After the VM is created with a static IP, use the IP as the host or enter it in the JDBC connection string to access the MySQL database from Cloud Data Fusion.

Access MySQL from within Cloud Data Fusion

Before you can connect to the MySQL instance from the Cloud Data Fusion instance, install the MySQL JDBC driver from the Cloud Data Fusion Hub (or directly from MySQL community downloads).

Enter the connection details for your MySQL database in Cloud Data Fusion.

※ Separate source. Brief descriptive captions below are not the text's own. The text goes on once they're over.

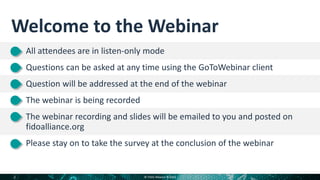 Introduction to FIDO and eIDAS Services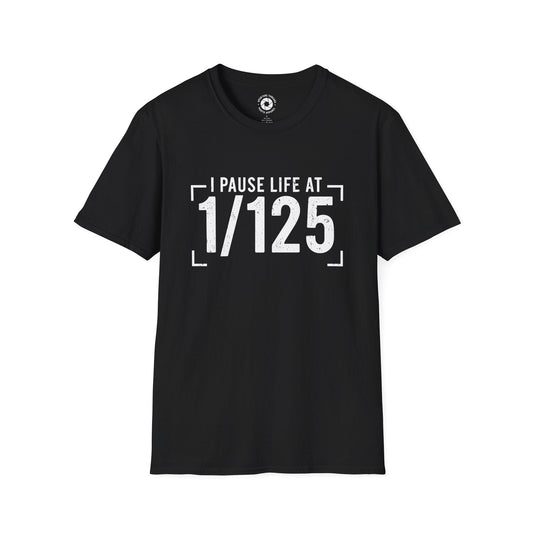 T-Shirt Black / S Pause Life T-Shirt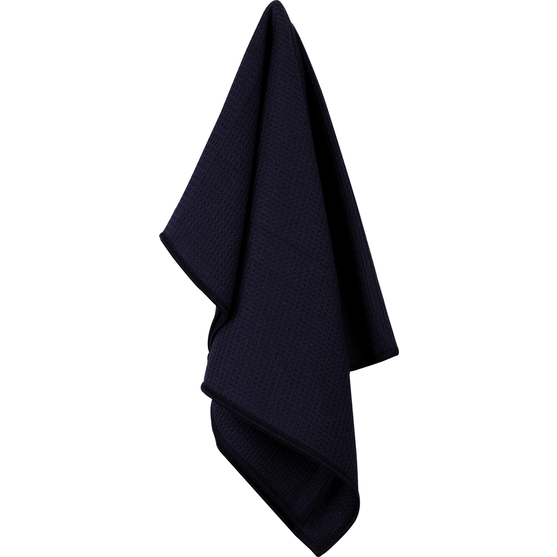 White Magic Eco Cloth Tea Towel, Midnight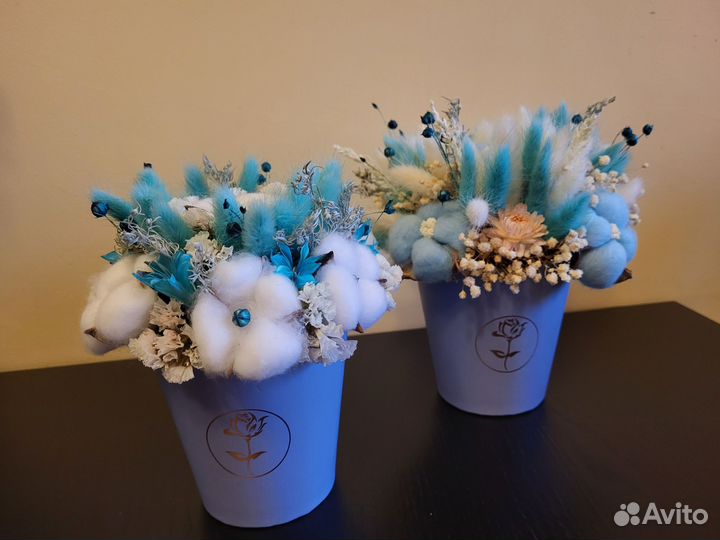 Букет из сухоцветов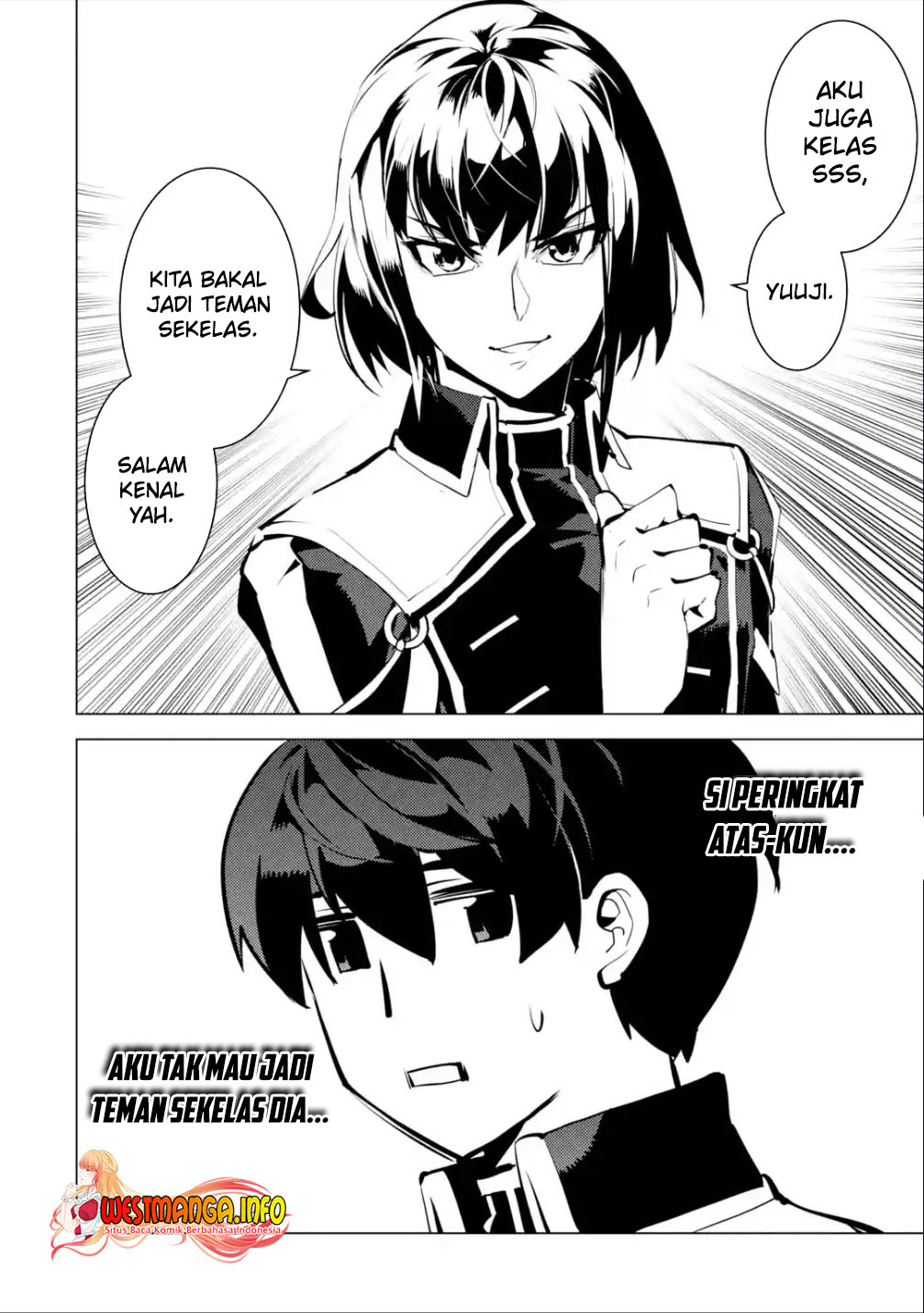 Tensei Kenja no Isekai Raifu Chapter 58.2 - halaman 6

You can enter the details and test the connection on the Wrangler page.

Optional: Other ways to connect to MySQL

You can access MySQL in the following ways in Cloud Data Fusion:

  • On the Studio page, click the MySQL source plugin and enter the connection details.
  • On the Studio page, instead use the Database source plugin, which has similar properties (Connection string, Username, Password, and Connection Arguments).

Other connections

Although connecting private instances is recommended, the following connections are possible:

  • A public Cloud Data Fusion instance to a public Cloud SQL instance (by using a public Cloud SQL proxy or allowlisting the 0.0.0.0/0 range in an authorized network). See the public IP connection option for Cloud SQL.
  • A private Cloud Data Fusion instance and public Cloud SQL instance (by using a public Cloud SQL proxy in an authorized network).
  • A public Cloud Data Fusion instance and a private Cloud SQL instance.